I don't have any stats but I have been thinking on this past several months, look at S&P500 Sectors, find all the sectors that 4 of the last 5 years they were either at the bottom or one step from the bottom, as these sectors seem to right after become either at highest or one step from highest returns for year. Make like 10 steps based on returns/losses. It is sort of like "Dogs of the Dow" except I am seeing that if 4 of 5 years on the floor, CEO's get canned and employees get layed off and whatever product starts being sold. But I would wait for basing then could buy at bottoms where risk is lowest, and can hedge and also sell calls while waiting for it to start going up, help offset losses on the Long Puts.
Is that your argument? You know about insurance because you are a director of a vague Hamilton based firm instead of actually backing up what you say RE: buffet's tax schemes and insurance investment process.
typically the longer the quant view the bigger the degree of error. that is why it is so much easier to predict with great accuracy short term movement.
True, but errors compound faster the shorter your trades, and leverage is more commonly used in short term trading. So precision has to be greater. Also the very short trading intervals cannot accommodate very much volume so your trading timeframe must evolve as your trading capital grows.

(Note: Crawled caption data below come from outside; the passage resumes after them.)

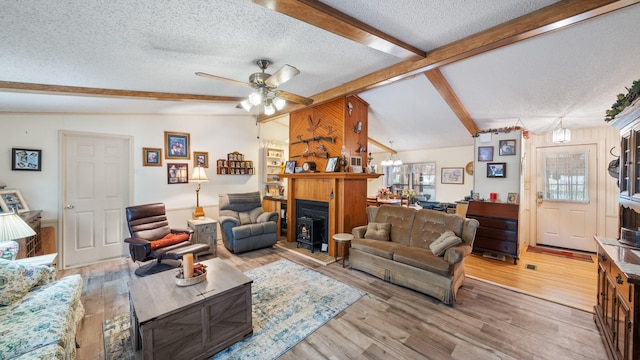 living area with lofted ceiling with beams, a textured ceiling, a ceiling fan, and a fireplace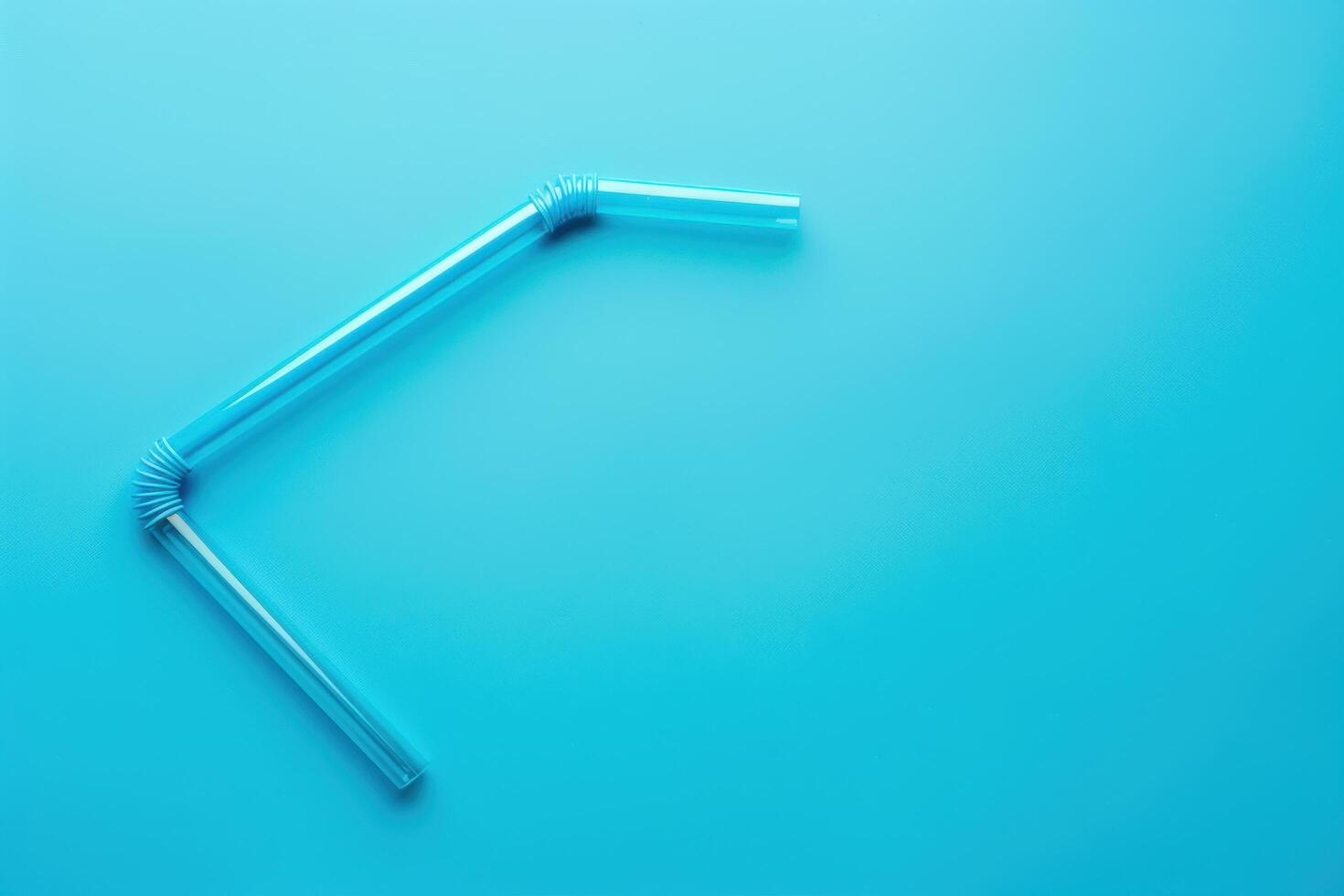 Flexible straws arranged in a playful angle on a vibrant blue background photo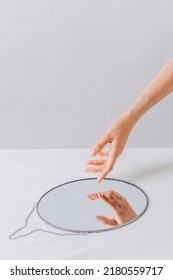 Female Hand And Its Reflection In Mirror. Mirror Resting On Surface On White Background.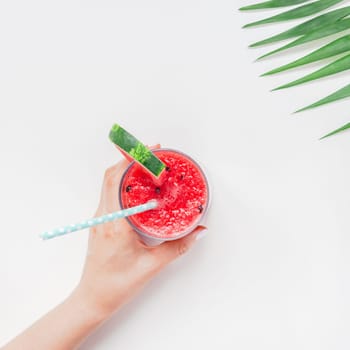 Creative scandinavian style flat lay top view of fresh watermelon slices smoothie drink in glass woman hands on white table background copy space. Minimal summer fruits concept for blog or recipe book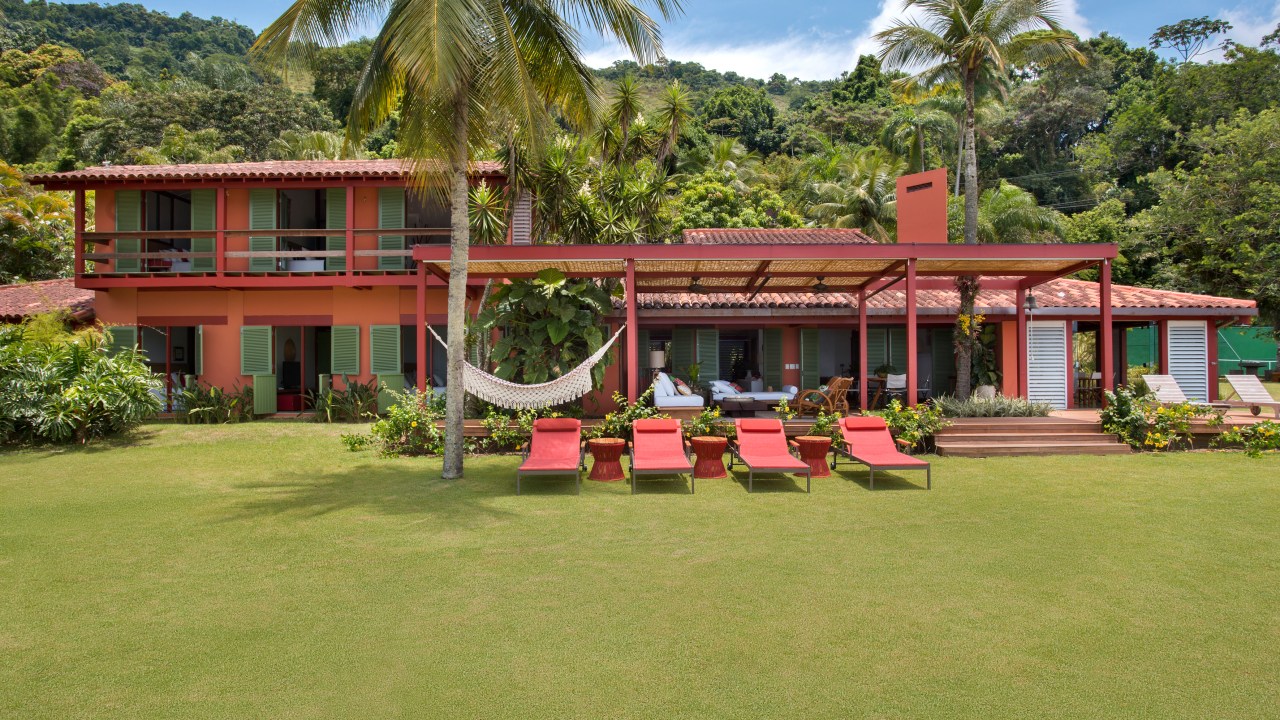 Casa com vista para o mar e nove suítes ganha nova varanda na reforma. Projeto de Escala Arquitetura. Na foto, fachada da casa com jardim e varanda.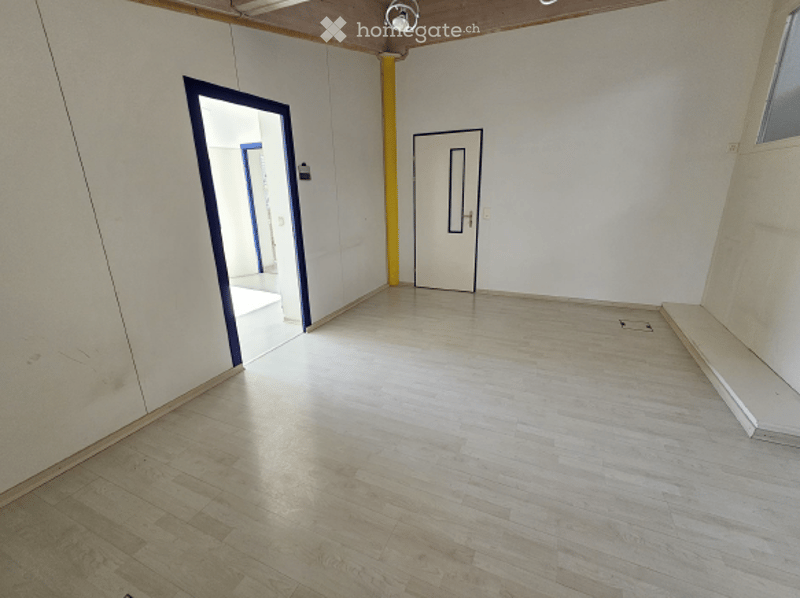 empty room, white walls, wooden floor, two doors, one with blue trim, yellow pipe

My 'argument' is: I'm actually involved in the insurance business at a high level, whereas I have no idea about your bona fides.
On an anonymous forum you are using your anonymous resume as credibility. My statement came from the book: "warren buffet: American capitalist" by lowenstein. He discusses how warren got insurance companies so cheap.
It's real and verifiable by a journalist who is known for writing with good research unlike your snufagopolis credentials.